Presépios todo o ano
1
Ficou-me da infância o prazer de manipular objectos
e de os dispor e combinar de várias maneiras
para criar
com eles pequenos mundos meus.
Talvez por isso
armo presépios todo o ano
embora sem as tradicionais
figuras do Menino e seus Pais
que afinal o não são:
o Pai todos sabem que o Espírito Santo lhe passou a perna
e sem pedir licença engravidou a Mãe
porque a moral
católica A preservara do pecado do prazer
(com que a Natureza
sabiamente premiou o acto de copular
para que bichos
e homens se não desleixem de manter a Vida).
Apenas o parto
foi natural
ah sim! porque esse faz doer e não gozar.

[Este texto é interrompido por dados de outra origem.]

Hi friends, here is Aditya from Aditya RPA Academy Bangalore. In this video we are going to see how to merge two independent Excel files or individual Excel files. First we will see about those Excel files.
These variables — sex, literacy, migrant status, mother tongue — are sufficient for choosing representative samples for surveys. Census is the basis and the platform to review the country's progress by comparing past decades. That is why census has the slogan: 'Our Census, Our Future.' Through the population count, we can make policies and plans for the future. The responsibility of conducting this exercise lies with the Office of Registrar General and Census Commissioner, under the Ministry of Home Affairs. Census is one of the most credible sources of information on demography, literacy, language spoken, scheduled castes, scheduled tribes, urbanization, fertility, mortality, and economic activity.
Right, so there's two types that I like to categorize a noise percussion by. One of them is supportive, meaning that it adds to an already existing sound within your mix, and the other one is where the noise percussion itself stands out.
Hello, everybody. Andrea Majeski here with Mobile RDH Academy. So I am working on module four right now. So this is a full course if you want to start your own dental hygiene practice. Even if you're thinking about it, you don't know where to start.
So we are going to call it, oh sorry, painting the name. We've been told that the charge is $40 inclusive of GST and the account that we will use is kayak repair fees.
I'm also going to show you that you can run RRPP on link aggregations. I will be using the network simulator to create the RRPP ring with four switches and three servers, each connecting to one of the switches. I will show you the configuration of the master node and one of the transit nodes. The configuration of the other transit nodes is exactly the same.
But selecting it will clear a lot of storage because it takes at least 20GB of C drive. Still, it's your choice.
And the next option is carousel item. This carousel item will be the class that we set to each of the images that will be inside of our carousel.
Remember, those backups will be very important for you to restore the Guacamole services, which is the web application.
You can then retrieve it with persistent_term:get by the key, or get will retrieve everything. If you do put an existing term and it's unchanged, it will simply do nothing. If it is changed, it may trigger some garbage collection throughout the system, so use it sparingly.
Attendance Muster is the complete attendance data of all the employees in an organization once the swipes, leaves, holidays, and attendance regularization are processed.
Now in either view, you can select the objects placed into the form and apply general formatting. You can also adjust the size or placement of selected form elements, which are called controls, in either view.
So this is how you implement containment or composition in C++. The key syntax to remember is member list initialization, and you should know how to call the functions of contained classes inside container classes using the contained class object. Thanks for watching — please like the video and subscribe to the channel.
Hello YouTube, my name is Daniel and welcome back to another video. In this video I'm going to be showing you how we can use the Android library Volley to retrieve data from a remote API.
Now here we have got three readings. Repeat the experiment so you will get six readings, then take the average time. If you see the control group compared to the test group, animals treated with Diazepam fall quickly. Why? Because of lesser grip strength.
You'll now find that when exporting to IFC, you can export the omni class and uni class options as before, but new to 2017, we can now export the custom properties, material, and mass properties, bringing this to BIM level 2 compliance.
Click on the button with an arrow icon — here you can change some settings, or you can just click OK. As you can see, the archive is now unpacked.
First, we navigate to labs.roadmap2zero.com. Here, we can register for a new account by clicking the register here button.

Inesperadamente oiço a voz risonha do Alberto Caeiro:
“Olha que eu já disse isso
por outras palavras
num dos meus poemas do “Guardador de Rebanhos!”
Abespinho-me: “Estás-me a acusar de plágio?”
Diz que não que ideia que os seus versos são como as flores
do campo
quem quiser que as apanhe!
Mesmo assim
não gostei de ouvir e faço cara feia.
Ralha-me:
“Tens o preconceito de originalidade dos intelectuais
modernos! Na Natureza tudo se repete
embora sempre
de maneira diferente.
Não te zangues e arma lá
os teus presépios!”
2
É verdade que tenho vários presépios a valer
trazidos
das minhas andanças pelo mundo:
o da Venezuela
aloja a Sagrada Família não na bucólica cabana tradicional
mas numa casa degradada de favela
meia ruída.
Acrescentei um outro do Brasil nordestino
e pus a caminhar para Jesus um grupo de retirantes
e uma banda em festa.
De Viana trouxe há tempo
um belo exemplar de barro quase rosado
da cor das conchas
que pus em seu redor.
Gosto da presença do mar
nos meus presépios.
Mas o mais bonito de tudo
é o musgo verdadeiro que apanhei na Fonte do Sol
e pus a servir de chão a toda esta pequena humanidade.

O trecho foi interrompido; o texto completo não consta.